はじめに
ベクトルタイルスタイルでURLを複数指定してみた結果が面白かったのでメモします。
動機
Smart Maps Advent Calendar 2022 の @yuiseki さんの記事(こちら )でニューヨーク州とニュージャージー州のベクトルタイル地図を作ったのですが、一つに合わせてみたいなと思い、もしかしてソースを併記したらできるだろうかと思ったものです。結果は失敗でしたが、面白かったのでメモします。
スタイル仕様での記載
ちなみに、MapLibre(やMapbox)のスタイル仕様では、以下のようにtilesのURLが併記されているものがあります。"An array of one or more tile source URLs, as in the TileJSON spec."と書いてあって、複数書いたときにどうふるまうのか、これまでに試したことがありませんでした。
https://maplibre.org/maplibre-gl-js-docs/style-spec/sources/
実験
2つのベクトルタイル地図の準備
@yuiseki さんの記事(こちら )の方法に従って、north-america/us/new-york と north-america/us/new-jersey それぞれのベクトルタイル地図を作ります。north-america/us-northeastだと、ソースが1.3GBになるので動かないだろうと思ったので複数の地図を作りました。この方法だと本当にすぐにベクトルタイルができますね。素晴らしい。
ソースの加工(もう一つのタイルURLの追加)
どちらの地図でもいいのですが、レポジトリの gh-pages ブランチの tiles.json を開きます。私はNew Jersey 州 側のレポジトリで実験しました。

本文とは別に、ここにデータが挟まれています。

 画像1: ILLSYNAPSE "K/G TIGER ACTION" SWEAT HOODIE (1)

tiles.jsonにはソースの情報があるので、これを編集します。
こうして一行追加して、隣のニューヨークのタイルも指定します。
コミットボタンを押します。そして成果が反映されるのを待ちます。
結果の確認
結果を確認します。お、思っていたのと違う結果が出ました。どちらの州のデータもありますが、一部分しか出ていません。
詳細をチェックするためにタイル境界を表示させてみます。(index.html に map.showTileBoundaries = true; を追加 )
なるほど。
どうやら、どちらかのURLからタイルを読んでくるということのようですね。複数のURLに同時にタイルがあるときに双方から読むというようなことはしないようです。どっちが優先されるのかはよくわかりません。データサイズでもないような感じがします。

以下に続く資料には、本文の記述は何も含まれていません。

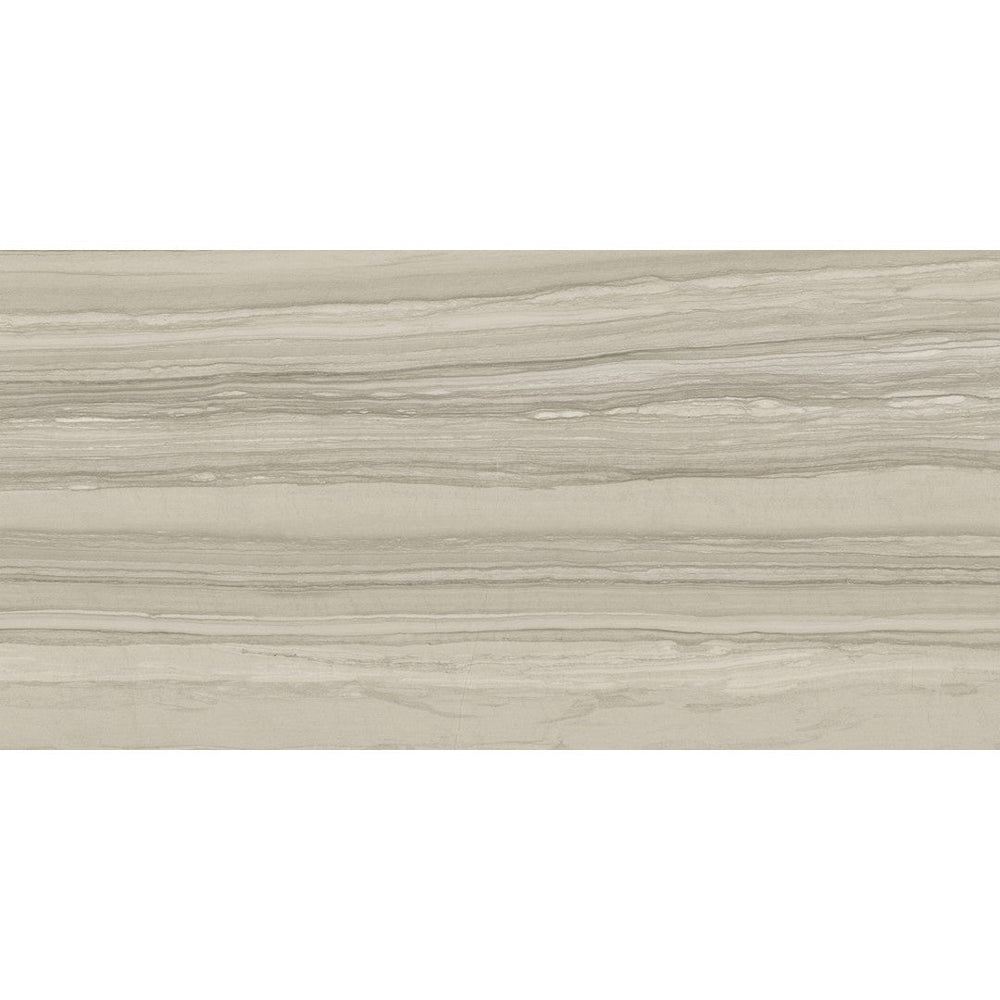 Happy Floors 12" x 24" Silver Rectified Natural Porcelain Tile (Sale)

下の例ではゴマ塩のような感じになっているので、単純に双方のURLを読みに行かせているだけかもしれませんね。
まとめ
同じスタイルを使っているので、複数のベクトルタイル地図をまとめるときにソースURLで対応しようとしましたが失敗しました。このことから、以下のように考えます。
- 二つの地図を重ねるのであれば、URLの追加ではなくて、スタイルのソースのなかにもう一つベクトルタイプのソースを指定してあげる必要がある。(スタイルレイヤも同じセットを足す(参照ソース名を適切に合わせる。))
- ソースがタイルの区切りでぴったりになっていれば(どのタイル区画でも複数のソースが交じり合わなければ)、複数のURLを並べるだけで複数の場所からのタイルが読める可能性があるのではないか。 → と思いましたが、以下の例の例えば12/1205/1536のように、一方で404が返ってきているときに他方のタイルを読みにいくということはしていないようなので、ダメでしょう。上のごま塩状のタイルの例でもそう思います。